Your assignment :: Find the line containing "Ʒ_(d)ƤЄP衷ͨጣСy(tng)(jng)cጣ" in the records below. Copy exactly that line and each one after it, ending at the line containing "(IMNATURE/iStock/Getty Images)", and nothing more.

The records ::
************
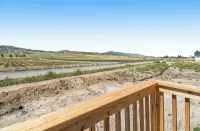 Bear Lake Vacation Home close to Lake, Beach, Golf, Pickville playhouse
************
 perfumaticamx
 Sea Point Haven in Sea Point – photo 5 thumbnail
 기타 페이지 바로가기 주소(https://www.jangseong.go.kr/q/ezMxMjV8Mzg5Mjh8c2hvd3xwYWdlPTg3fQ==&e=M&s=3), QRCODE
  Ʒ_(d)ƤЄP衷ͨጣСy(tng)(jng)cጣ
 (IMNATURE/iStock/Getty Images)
************
The completed task ::
  Ʒ_(d)ƤЄP衷ͨጣСy(tng)(jng)cጣ
 (IMNATURE/iStock/Getty Images)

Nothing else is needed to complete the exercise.